Pada satu titik dalam perdagangan Senin (20/12) kemarin, lira turun lebih dari 11% terhadap dolar as menuju level 18,40, atau posisi terendah sepanjang masa. Setelah Erdogan berbicara dan memberikan insentif untuk mendorong penghematan dalam mata uang, lira menguat sekitar 10% dan diperdagangkan sekitar 14,90 melawan dolar AS. Namun, setiap keuntungan yang diperoleh lira lebih karena greenback menghadapi tekanan.
Diplomat asing yang bertugas di Turki berspekulasi bahwa Erdogan berpikir pertumbuhan ekonomi akan memungkinkan dia untuk mengklaim kemenangan dalam pemilihan berikutnya yang akan berlangsung pada pertengahan 2023. Jika kembali terpilih, itu adalah masa jabatannya di pucuk pimpinan Republik Turki untuk dekade ketiga.

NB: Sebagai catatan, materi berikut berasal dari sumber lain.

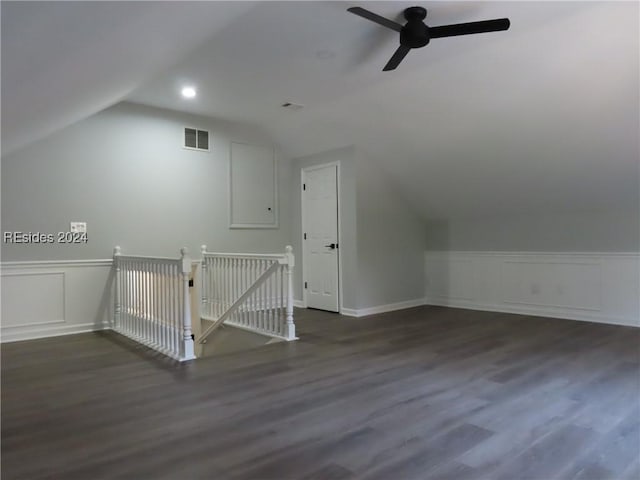 additional living space with lofted ceiling, dark wood-type flooring, and ceiling fan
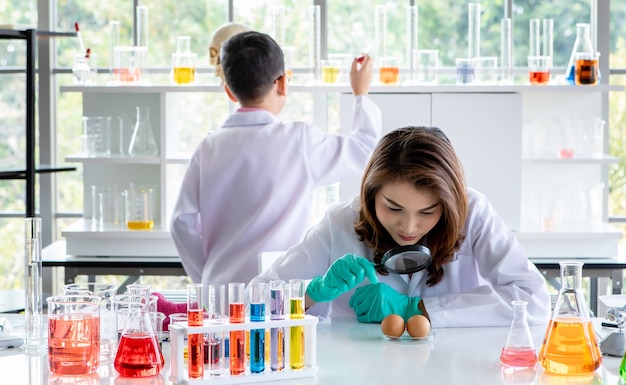 Estudiantes universitarios asiáticos concentrados que realizan experimentos con líquidos coloridos durante la investigación científica en el laboratorio.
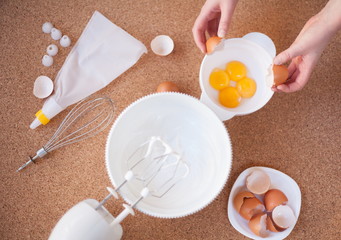Step by step recipe of meringue cookies. Step 3. The girl breaks the egg and puts the egg yolks in a separate bowl. Preparation of cream and dough for dessert
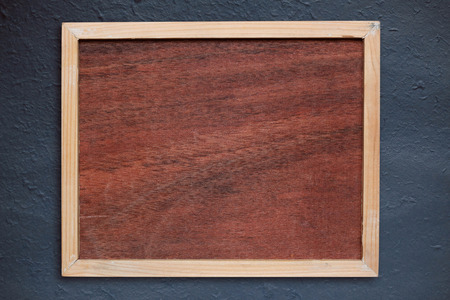 Old wooden frame on a concrete wall.の写真素材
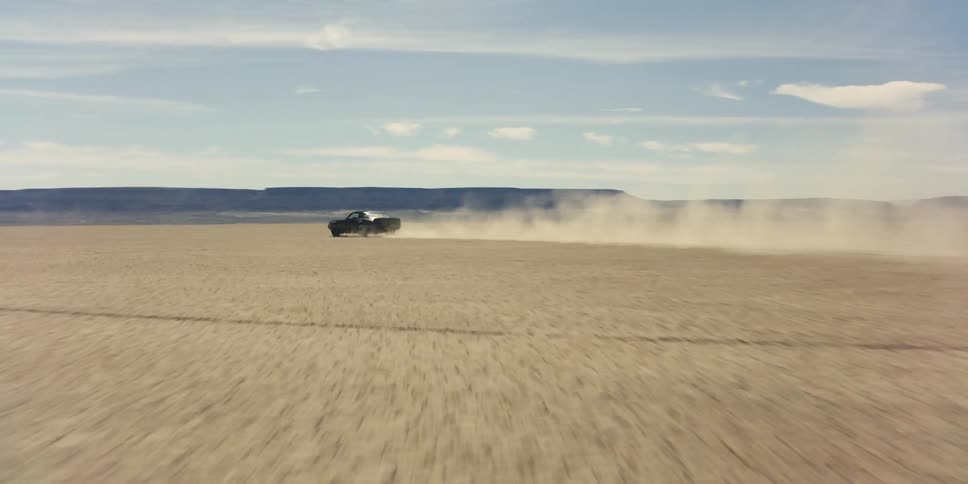 Sports car races across desert plain kicking up dust with mountains on horizon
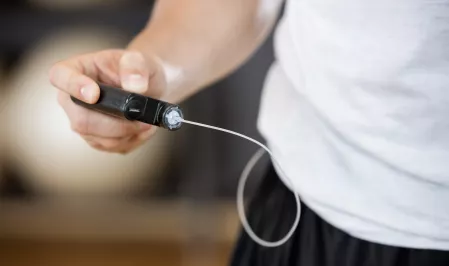 Insulinpumpe Eine Person hält eine Insulinpumpe in der Hand. Der Schlauch verschwindet unter dem Shirt.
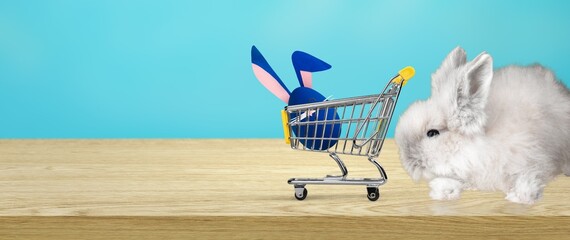 Easter bunny cute rabbit with classic shopping cart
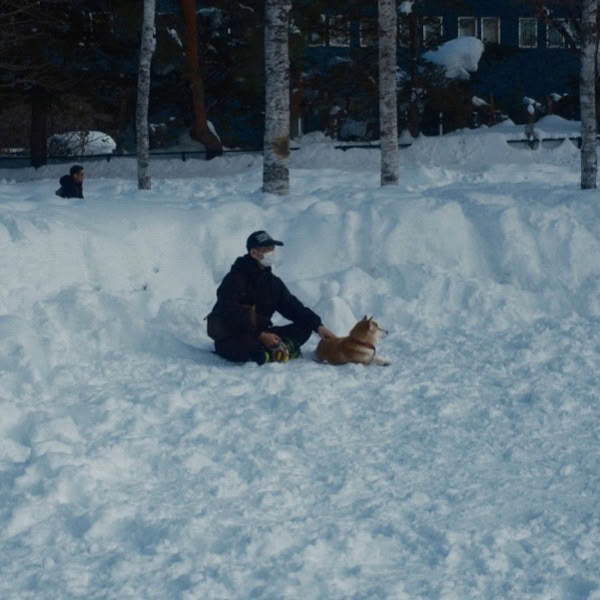 A man sitting in the snow with a dog.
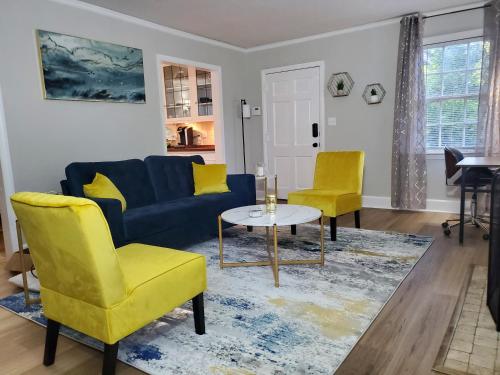 a living room with a blue couch and two yellow chairs at Cheerful 2 BR Near Colleges, Downtown, Attractions in Montgomery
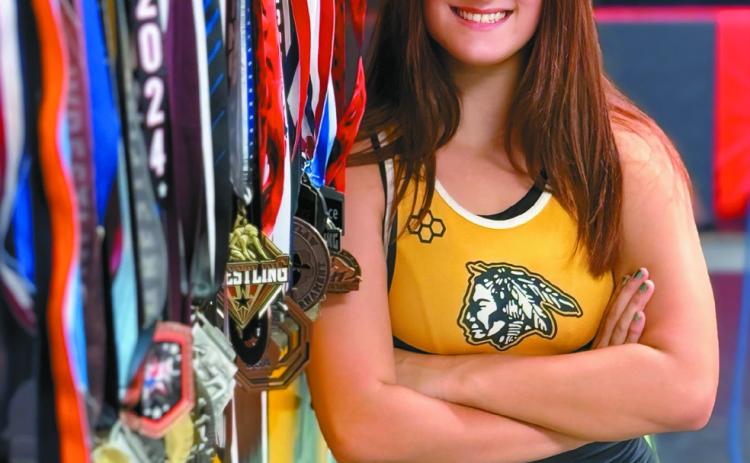 Kylei Gokey poses for a professional photo in her Tecumseh High School singlet and with the 35 medals she's won so far. Gokey has been wrestling since seventh grade and will go into her sophomore year, having been a state-qualifier as a freshman and having competed at national tournaments in Fargo, ND, and Westfield, IN, over the summer. Photo provided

Erdogan percaya bahwa mata uang yang lebih murah akan mendorong ekspor. Namun, pada saat inflasi meningkat, ekonom arus utama menyarankan menaikkan suku bunga untuk mengimbangi tekanan inflasi pada ekonomi. Dia lantas berjanji untuk mengendalikan inflasi dan membuatnya di bawah 4%, tetapi sudah kesekian kalinya gagal ditepati.
Perbankan Islam sendiri didasarkan pada konsep bahwa membebankan bunga pinjaman atau uang pinjaman adalah riba. Ini bukan pertama kalinya Erdogan menyebut Islam sebagai pedoman dalam pengambilan keputusan kebijakan moneternya. Bulan lalu, ia mendeklarasikan ‘perang ekonomi kemerdekaan’, bertujuan untuk menghilangkan ketergantungan Turki pada investasi asing langsung dan berbagai biaya impor energi seperti minyak dan gas alam yang diperlukan untuk mendorong ekonomi.
“Pilihan kebijakan yang diterapkan di sini tidak hanya menciptakan masalah ekonomi baru bagi dunia usaha, tetapi juga bagi seluruh warga kita,” kutuk TUSIAD. “Sangat mendesak untuk menilai kerusakan yang telah terjadi pada ekonomi, dan segera kembali ke penerapan prinsip-prinsip ekonomi yang mapan, dalam kerangka ekonomi pasar bebas.”
Sebagai tanggapan, Erdogan mengecam lobi bisnis setelah memimpin pertemuan kabinet saat pajak baru disepakati, di antara langkah-langkah lain untuk meningkatkan nilai lira terhadap dolar AS dan euro. “Anda berencana untuk menggulingkan pemerintah. Jangan menggantungkan harapan dengan sia-sia,” tandasnya.